Wasn’t it fun to have little piles of "money," little paper bills that did seem like real paper currency ?
And if you were good at the game, wasn’t it fun to wind up owning properties like Park Place and hotels; eventually maybe winning the entire game?
Did you ever try to actually spend any of those bills? Unless you were very young and had an indulgent grandmother who wanted to humor you with a cookie or some hot chocolate, you were reminded that "Monopoly" was just a game — and that your play "money" was only good when you were playing the board game.
But now we’re all grown up. Aren’t we?
Oh sure, we’re very adult now. We’re used to losing 70,000 of our citizens to drug abuse every year, over 480,000 to cigarettes and vaping — and hardly pay any attention to the million plus abortions — all unwanted little children — that we pay for with our taxes.
Very adult, sophisticated and self sufficient.
But now — now, we seem to be in real trouble!
Yes, we’re in the middle of an unprecedented crisis, worse in some ways than the world wars we’ve fought and eventually won. We’ve been attacked by an invisible but very deadly enemy, and it’s understandable that many are reacting in panic like in that childhood fable, "Chicken Little."
"The sky is falling!"
But there is nowhere to run. We’ve got to confront this enemy face to face, head on, trying to come to the aid of those already wounded.
Our weapons are inadequate; simultaneously, we're trying to protect ourselves from becoming casualties. Or worse, dying and unable to help anybody, including our loved ones.
Yes, this is a global problem, with almost all other nations attacked just like we are.
But — this isn’t "overseas," it’s on our own shores, in our own towns, in our own neighborhoods.
It's even in our own homes.
The clock is running, the enemy relentless, and we’re all looking for answers — or at least for those who have any.

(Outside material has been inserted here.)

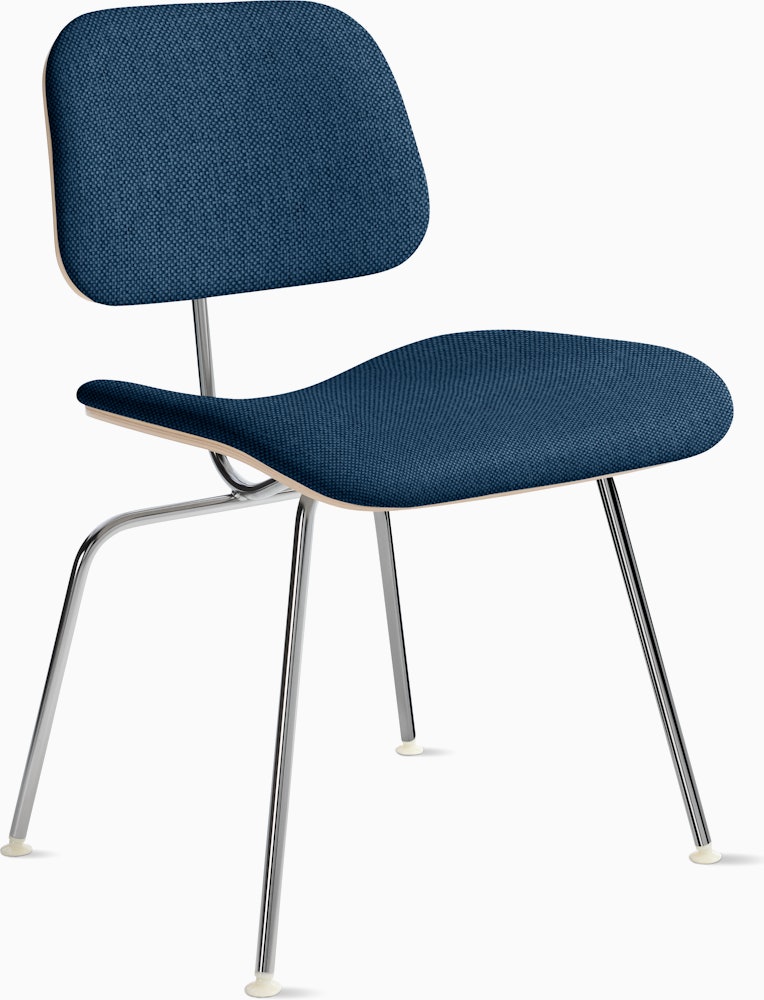 Eames Molded Plywood DCM White Ash Frame Mode - Denim,  Chrome Leg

It was good, even necessary, to run for cover in whatever way we could. It was also good and necessary to look for whatever we could do for the wounded, the sick, the seriously threatened.

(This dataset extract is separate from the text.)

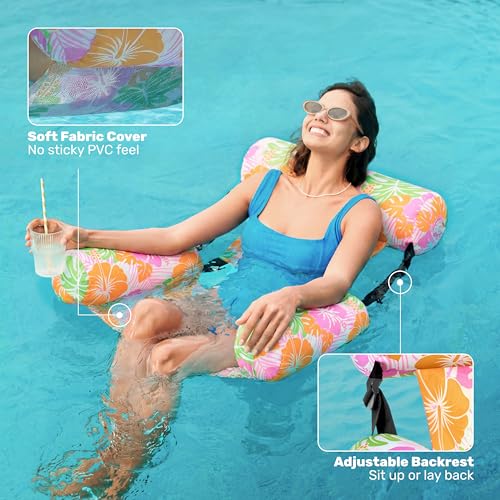 Image of SLOOSH Inflatable Pool Floats Adult,2 Packs Floating Lounge Chairs,Blow up Pool Noodles for Adult Heavy Duty,Floating Chair for Party Summer Water Beach Lake Fun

And in spite of the dangers and the enormity of the challenges, not even knowing with certaintity what we were fighting, this country and its leaders jumped into the fray and started developing whatever defenses we could; whatever treatments and care for the fallen we could come up with.
As always, we're determined to "see it through," to try and find answers to "get through this."
But, unlike any other war or nation-threatening crisis we’ve faced, there was not the unanimous pulling together,the dropping of political differences, with everybody, looking for whatever it might take to help the most needy — in a spirit of rational, selfless dedication to the common good.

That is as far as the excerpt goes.